Naître fille en Inde est en soi un potentiel malheur, la promesse d’une vie d’angoisse et de dangers. Les chiffres des violences subies par les quelques sept cent millions de fillettes et femmes du sous-continent sont ahurissants, les statistiques laissent sans voix, et tous ces crimes restent, pour la plupart, sanctionnés de façon ridiculement faible par la « justice » patriarcale, quand leurs auteurs n’échappent à toute condamnation. Une femme est violée toutes les vingt minutes, la plus jeune a 3 mois, la plus âgée 90 ans, 7200 enfants et nourrissons sont abusés chaque année, et ce ne sont que quelques chiffres, extraits des statistiques hallucinantes de ce pays qui sera très bientôt le plus peuplé du monde.

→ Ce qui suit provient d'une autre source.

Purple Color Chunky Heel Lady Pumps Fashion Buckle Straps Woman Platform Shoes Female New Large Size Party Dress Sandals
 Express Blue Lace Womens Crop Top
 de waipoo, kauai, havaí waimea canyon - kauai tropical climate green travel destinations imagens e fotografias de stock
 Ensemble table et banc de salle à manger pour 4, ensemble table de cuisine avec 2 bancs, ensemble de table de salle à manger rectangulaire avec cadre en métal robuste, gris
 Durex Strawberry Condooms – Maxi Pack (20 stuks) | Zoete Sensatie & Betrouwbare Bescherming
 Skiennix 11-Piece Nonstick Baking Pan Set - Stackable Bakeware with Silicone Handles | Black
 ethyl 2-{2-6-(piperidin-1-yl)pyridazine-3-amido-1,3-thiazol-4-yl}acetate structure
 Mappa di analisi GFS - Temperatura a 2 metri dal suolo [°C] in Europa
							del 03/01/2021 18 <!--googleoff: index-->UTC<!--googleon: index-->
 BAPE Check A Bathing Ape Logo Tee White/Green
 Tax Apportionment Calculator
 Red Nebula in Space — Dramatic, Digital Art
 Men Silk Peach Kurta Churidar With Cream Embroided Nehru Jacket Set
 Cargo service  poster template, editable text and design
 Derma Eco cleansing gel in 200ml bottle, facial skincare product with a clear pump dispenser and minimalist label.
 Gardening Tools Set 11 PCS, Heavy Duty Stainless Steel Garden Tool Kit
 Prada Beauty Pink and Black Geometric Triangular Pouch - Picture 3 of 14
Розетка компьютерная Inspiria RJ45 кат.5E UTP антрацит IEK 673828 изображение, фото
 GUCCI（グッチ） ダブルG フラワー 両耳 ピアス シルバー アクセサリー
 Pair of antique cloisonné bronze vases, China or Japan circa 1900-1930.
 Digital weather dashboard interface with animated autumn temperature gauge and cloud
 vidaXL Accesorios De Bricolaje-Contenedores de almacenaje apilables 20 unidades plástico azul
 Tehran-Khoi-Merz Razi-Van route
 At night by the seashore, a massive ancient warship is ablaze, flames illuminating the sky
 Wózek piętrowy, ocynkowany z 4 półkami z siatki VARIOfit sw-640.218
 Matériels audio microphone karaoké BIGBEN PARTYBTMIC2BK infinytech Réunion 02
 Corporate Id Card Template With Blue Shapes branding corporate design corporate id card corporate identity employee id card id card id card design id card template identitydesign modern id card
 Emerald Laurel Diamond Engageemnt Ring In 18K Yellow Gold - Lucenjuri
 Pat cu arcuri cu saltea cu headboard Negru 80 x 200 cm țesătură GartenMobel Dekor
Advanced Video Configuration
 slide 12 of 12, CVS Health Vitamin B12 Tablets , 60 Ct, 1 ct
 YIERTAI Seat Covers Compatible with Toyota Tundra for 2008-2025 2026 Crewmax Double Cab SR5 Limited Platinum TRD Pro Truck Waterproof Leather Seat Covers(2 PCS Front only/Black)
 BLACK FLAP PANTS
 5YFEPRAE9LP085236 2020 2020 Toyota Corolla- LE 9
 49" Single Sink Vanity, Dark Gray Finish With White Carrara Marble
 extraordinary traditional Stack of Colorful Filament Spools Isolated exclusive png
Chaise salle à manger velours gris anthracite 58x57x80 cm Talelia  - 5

Bien sûr l’Inde n’a malheureusement pas le monopole de ces horreurs, tous les pays de la planète sont touchés par ce fléau, bien peu réagissent de façon efficace, avec des mesures appropriées, prises par des politiciens motivés. Sur ce sujet comme sur tant d’autres, le discours creux règne en maître, les promesses sans lendemain et les artifices de communications dominent, d’où l’importance d’un roman comme celui de Clea Chakraverty, La Voix de Sita, paru aux éditions Globe, qui met ce problème au centre d’une intrigue passionnante et possède le grand mérite de rendre compte de l’immensité de l’abominable phénomène dans toutes ses dimensions.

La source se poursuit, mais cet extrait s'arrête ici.